L'image du jour
La vue est prise depuis un des clochers de l'église Saint-Anne. La première rue à droite est la rue Martin-Bernard.
UNE ÉVOCATION DU
13e ARRONDISSEMENT DE 1860 AUX ANNÉES 30
Promenades
[...]
Le vieux clerc était arrivé à la porte de l'ancien cuisinier, porte historiée de toutes sortes de plaques, il sonna.
Une grosse femme à l'air affreusement commun, vint lui ouvrir.
– M. Perpignan ? demanda le bon Tantaine..
– Il est sorti.
– À quelle heure reviendra-t-il?
– Je ne sais s'il rentrera avant ce soir.

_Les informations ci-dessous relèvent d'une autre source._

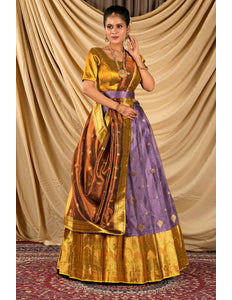 Woman wearing a traditional gold and purple lehenga choli with dupatta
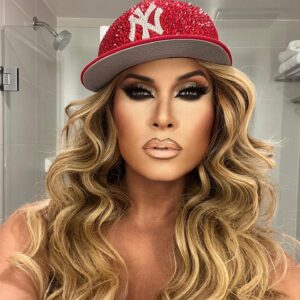 Naysha Lopez Instagram - “ Boricua in da House !! “ bitch I was feeling my @jlo fantasy in my custom hair by @full.fantasy_wigs and my custom hat by @grizzlystonework !!! You couldn’t tell me 💩 ! Lol #thebeauty #jlo #rpdralumni #allstars8 #rupaulsdragrace #dragqueen #gayboy #puertoricanbarbie #🇵🇷 #gayboy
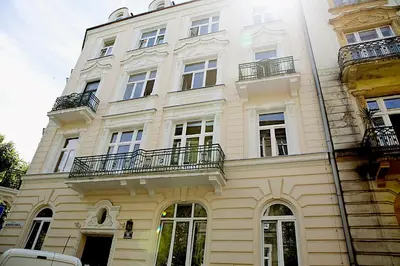 a building with a balcony and trees in front of it at Elegant Studio Bonerowska in Kraków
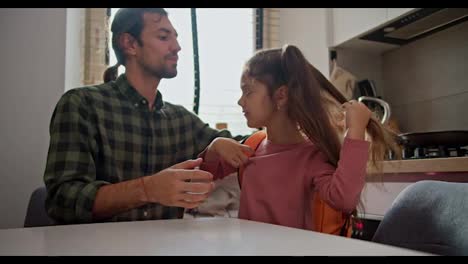 A-happy-brunette-man-in-a-green-checkered-shirt-helps-his-little-daughter,-a-brunette-girl-in-a-pink-dress,-put-an-orange-backpack-on-her-back-and-in-the-kitchen-in-a-modern-apartment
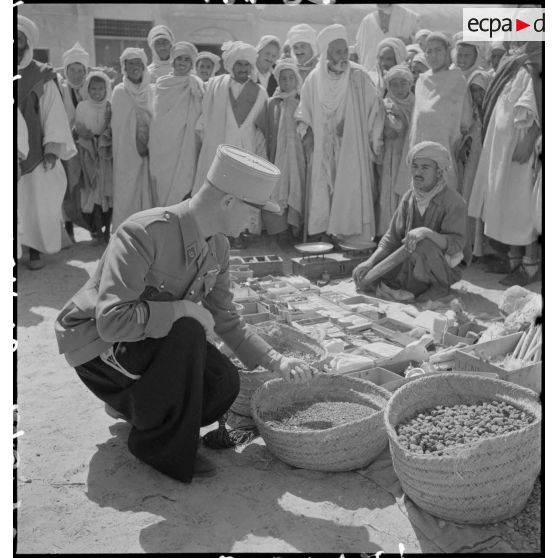 Deux capitaines d'une compagnie des oasis sahariennes vérifient les denrées sur le marché d'El Oued.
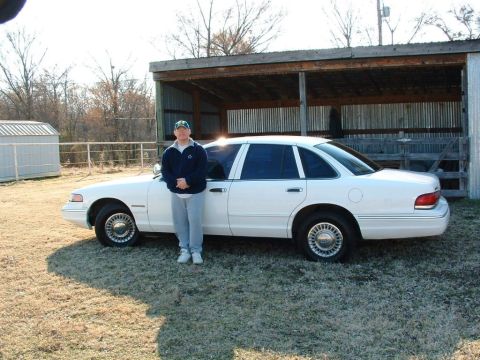 1995 Ford Crown Victoria - A man stands next to a white 1995 Ford Crown Victoria parked outdoors.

– Je connais ça. Cependant, comme il faut que je lui parle aujourd'hui même, je vous serai obligé de me dire où je puis le rencontrer.
Il ne m'a pas dit où il allait. Mais, si monsieur vient pour des renseignements.

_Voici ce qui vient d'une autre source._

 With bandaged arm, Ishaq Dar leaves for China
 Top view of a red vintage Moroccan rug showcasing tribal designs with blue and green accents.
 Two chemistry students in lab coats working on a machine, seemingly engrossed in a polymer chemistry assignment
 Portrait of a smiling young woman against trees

Le bonhomme eut un de ces sourires qui donnait à sa face rougeaude l'expression du plus pur idiotisme.
— Ne serait-il pas à la fabrique? demanda-t-il.
La grosse femme prévoyait si peu cette question, qu'elle tressaillit et recula.
— Comment! balbutia-t-elle, vous savez ?...
— Parbleu! Ainsi, ne vous gênez pas avec moi. Est-il là-bas ?
— Je le crois.
— Merci. Je l'y rejoins.
Et saluant assez peu poliment, contre son habitude, l'affreuse mégère, le bon Tantaine tourna les talons.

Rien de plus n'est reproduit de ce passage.